Agreeing to pay bills and debts of the person you are marrying or to
whom you are married. Giving up your right to money and property if
your marriage ends or the person to whom you are married dies. Giving
up your right to have your legal fees paid."
(4) A party has adequate financial disclosure under this section if
the party:
(a) Receives a reasonably accurate description and good-faith estimate
of value of the property, liabilities, and income of the other party;
or . . .
(c) Has adequate knowledge or a reasonable basis for having adequate
knowledge of the information described in paragraph (a) of this
subsection (4).
(5) A premarital agreement or marital agreement or amendment thereto
or revocation thereof that is otherwise enforceable after applying the
provisions of subsections (1) to (4) of this section is nevertheless
unenforceable insofar, but only insofar, as the provisions of such
agreement, amendment, or revocation relate to the determination,
modification, limitation, or elimination of spousal maintenance or the
waiver or allocation of attorney fees, and such provisions are
unconscionable at the time of enforcement of such provisions. The
issue of unconscionability shall be decided by the court as a matter
of law. . . .
(8) A premarital or marital agreement, or an amendment of either, that
is not in a record and signed by both parties is unenforceable.
The enforcement provisions contemplate situations where one spouse (often called the "poor spouse") can enforce the agreement if desired, but the other spouse (often called the "rich spouse") cannot enforce it.
Colorado Revised Statutes § 14-2-310 meanwhile, sets forth certain prenuptial agreement provisions that aren't enforceable even if the execution of the agreement meets all of the requirements:
(1) In this section, "custodial responsibility" means parental rights
and responsibilities, parenting time, access, visitation, or other
custodial right or duty with respect to a child.

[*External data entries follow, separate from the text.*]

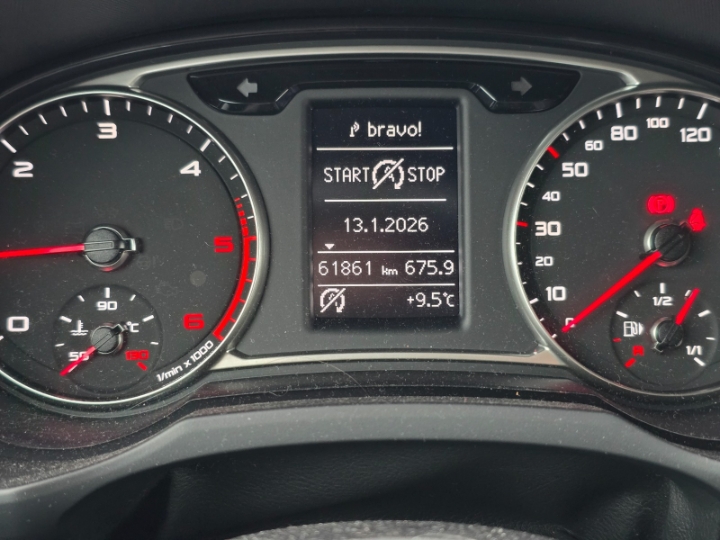 Audi A1 S-line 1.4 tdi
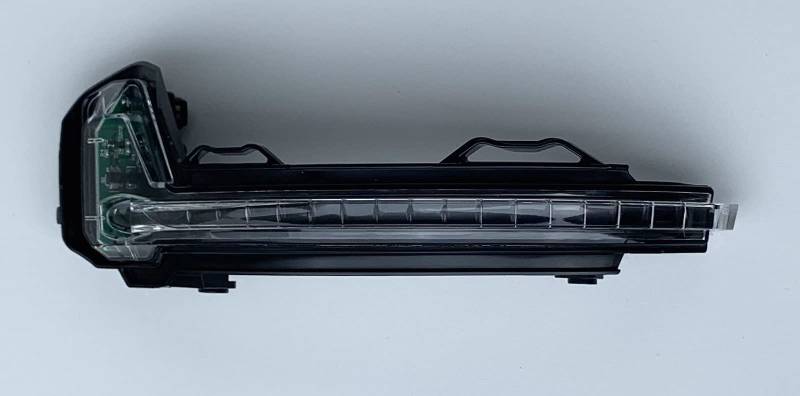 Pro!Carpentis Blinker LED Spiegelblinker links kompatibel mit TIGUAN Typ AD1 / AX1 ab Baujahr 01/2016 von Pro!Carpentis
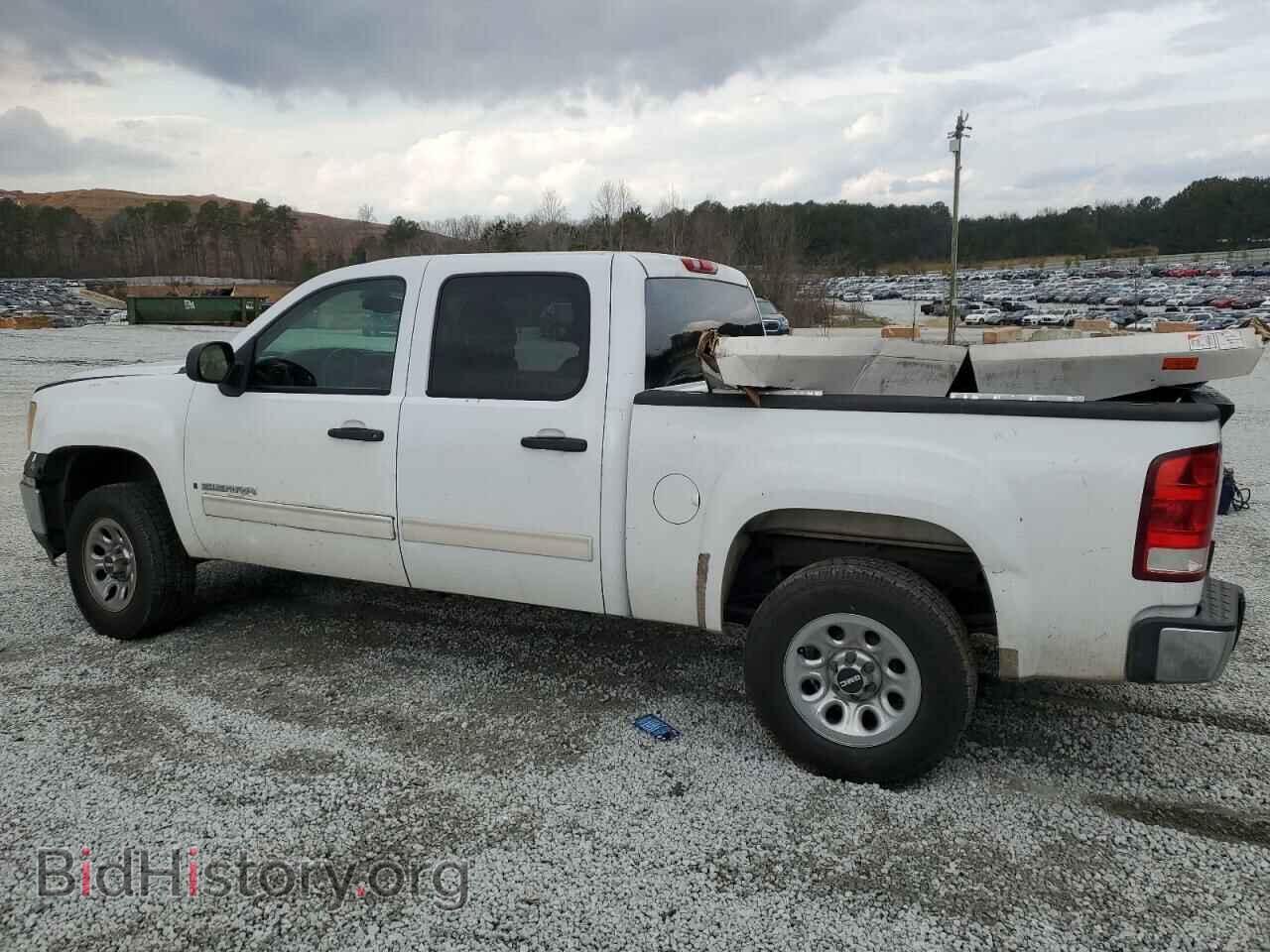 2008 GMC SIERRA - VIN: 2GTEC13J681155417 - Фото 2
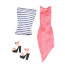 Одежда, обувь и аксессуары для Барби 'Путешествие', Barbie [CFY11] - CFY11-3.jpg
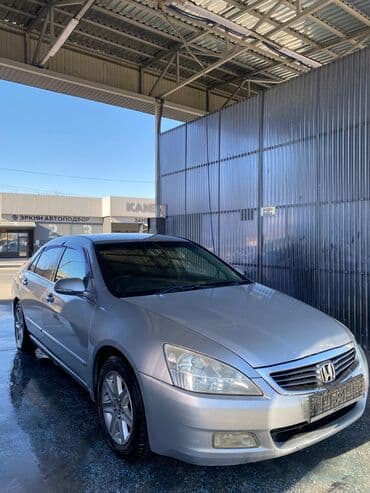 авто обмен на дом: Honda Inspire: 2003 г., 3 л, Автомат, Бензиновая, Седан — 2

(2) A term in a premarital agreement or marital agreement is not
enforceable to the extent that it:
(a) Adversely affects a child's right to support;
(b) Limits or restricts a remedy available to a victim of domestic
violence under law of this state other than this part 3;
(c) Purports to modify the grounds for a court-decreed legal
separation or marital dissolution available under law of this state
other than this part 3;
(d) Penalizes a party for initiating a legal proceeding leading to a
court-decreed legal separation or marital dissolution; or
(e) Violates public policy.
(3) A term in a premarital agreement or marital agreement which
defines the rights or duties of the parties regarding custodial
responsibility is not binding on the court.
Colorado is more stringent than most U.S. states in the requirements it imposes to enforce prenuptial agreements, so an agreement that met its standards would be valid in almost every U.S. state. Most, but not all, U.S. states, have enacted an earlier version of the uniform act with fewer formal requirements.